First, the Triplets dataset provided information about users' interactions with songs, including user IDs, song IDs, and play counts. This dataset was used to extract user and song information, which was later used to create a list of unique users and their associated songs. Next, the Songid_name dataset contained song information, including song IDs, song names, and artist names. This dataset was used to extract song names and artist names to enhance our information about the songs. Lastly, the Tracks dataset from the Spotify API was used, which contained song information such as song IDs, artist names, and track URIs. This dataset was used to extract track URIs for each song, which were later used to combine the data from the Echo Nest and Spotify APIs. During the Extract phase, PySpark was used to read and extract the relevant data from the datasets. To handle the large datasets, techniques such as partitioning and caching were used to optimize the performance of the code. Additionally, some datasets had missing or incorrect data, which were handled carefully to ensure that the ETL process would be unaffected.

Transform Phase:

In the Transform phase, PySpark was used to transform the extracted data into a suitable format for merging and analysis. In addition, the data was cleaned and standardized to remove duplicates and inconsistencies.

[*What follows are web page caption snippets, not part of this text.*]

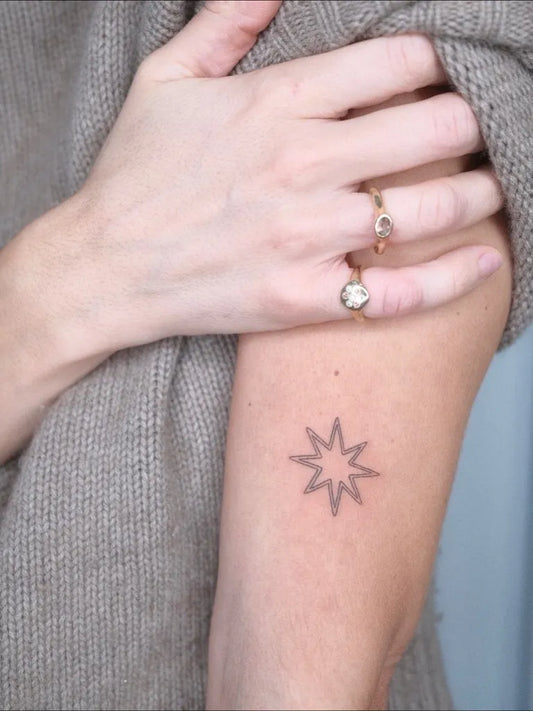 Small Black and Grey Star Tattoo on Women Arm by @tatuaggibrutti.tattoo
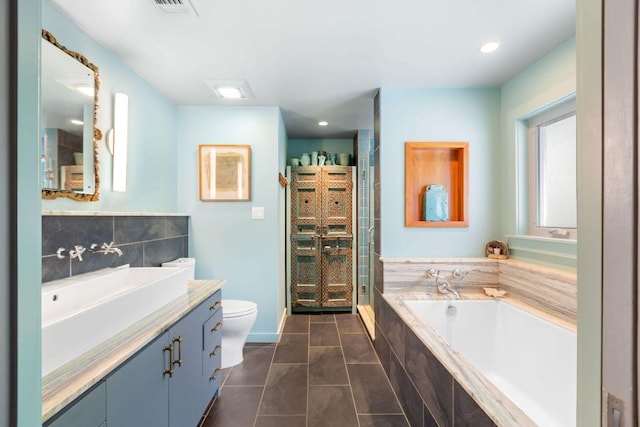 2606 Rockingham Dr, Austin, TX 78704 - full bathroom featuring vanity, a garden tub, a stall shower, tile patterned flooring, and recessed lighting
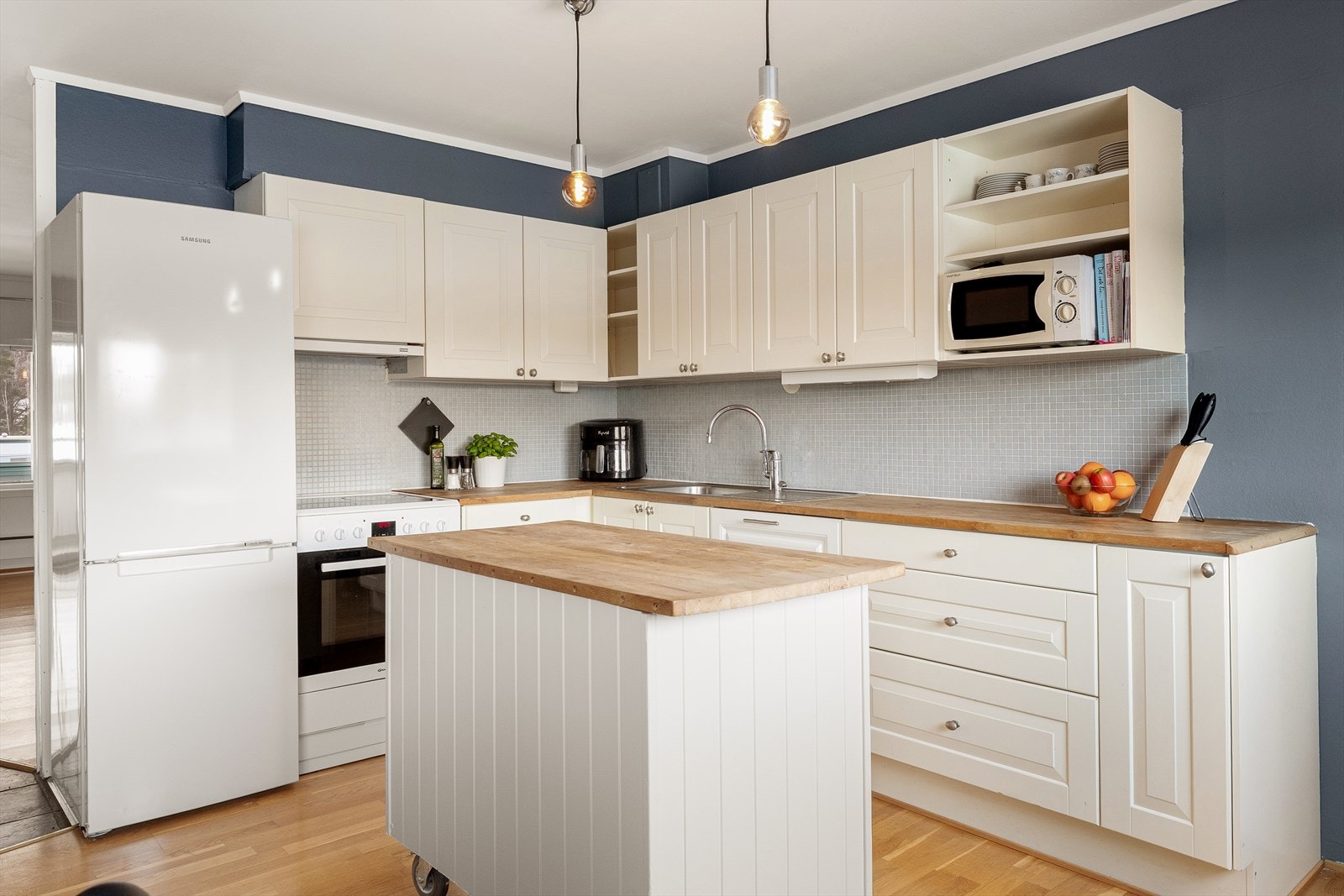 Kjøkkeninnredningen byr på rikelig skap- og benkeplass, og den praktiske, mobile kjøkkenøya gir ekstra fleksibilitet i rommet. Galleribilde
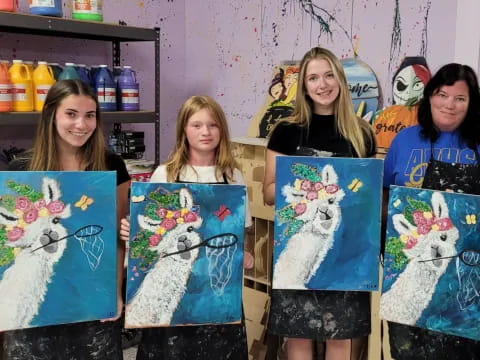 a group of girls holding up drawings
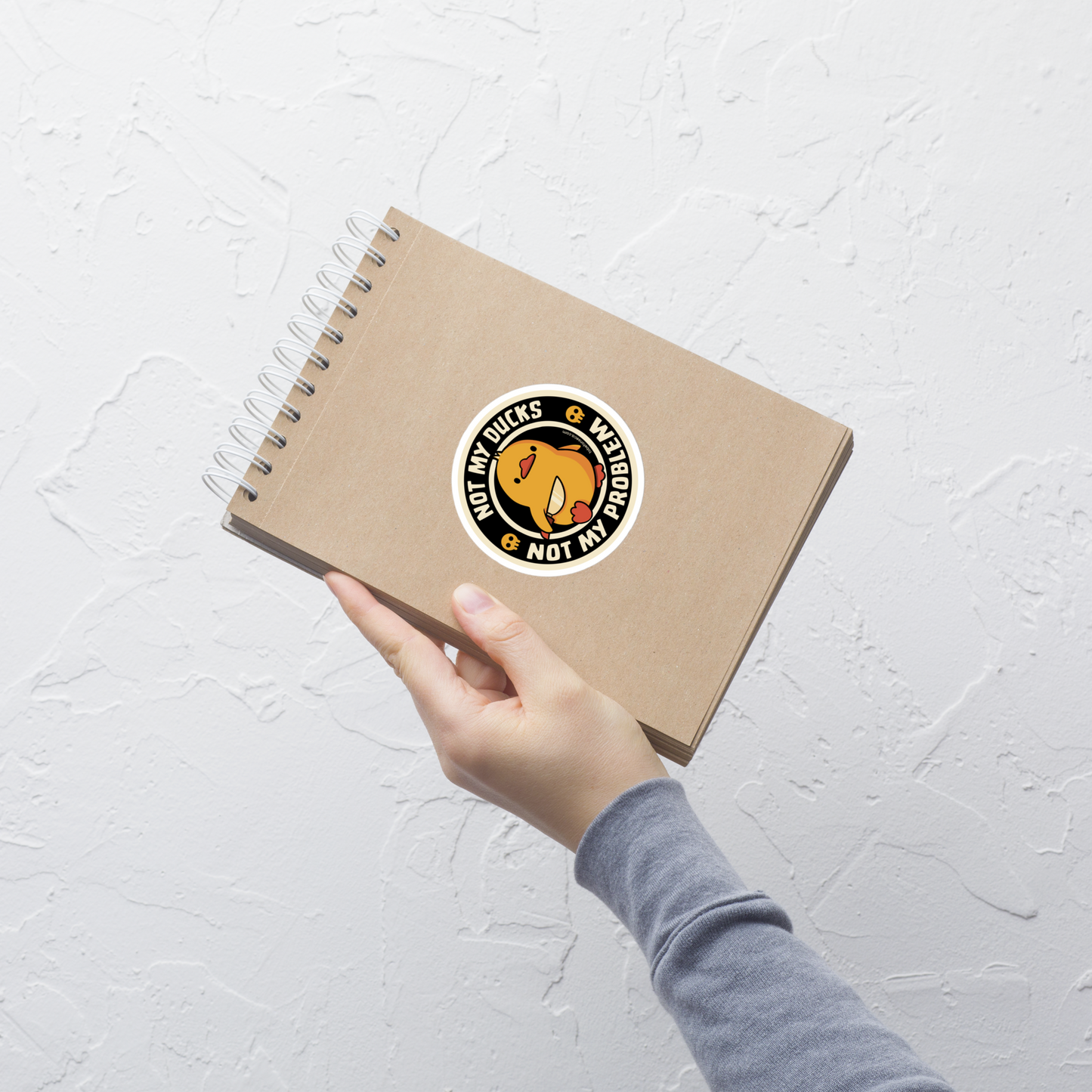 A cute yellow duck holding a tiny knife with an unexpectedly fierce attitude. Around it, the phrase "Not My Ducks Not My Problem" adds a sarcastic twist to the sweet but chaotic vibe. A playful design that blends humor, duck drama, and a touch of unapologetic mischief, perfect for fans of witty, slightly unhinged art.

The data was also transformed to include additional columns such as song names, artist names, and track URIs to create a comprehensive list of information about users' songs.

Load Phase:

In the Load phase, the transformed data was loaded into a single data frame called df_users_songMD. This data frame contains all the relevant information about users' songs, including user IDs, song IDs, play counts, song names, artist names, and track URIs. In addition, a unique list of track URIs associated with each song ID was also created by grouping the data by song ID and removing duplicates. An improvement that was attempted was the vectorization of playlists for each song. The data was extracted from one of Spotify's APIs, providing one million playlists containing an average of sixty songs. However, the dataset could have been more manageable regarding size and quality. The unique song IDs were common and had different names and artists, resulting in several problems.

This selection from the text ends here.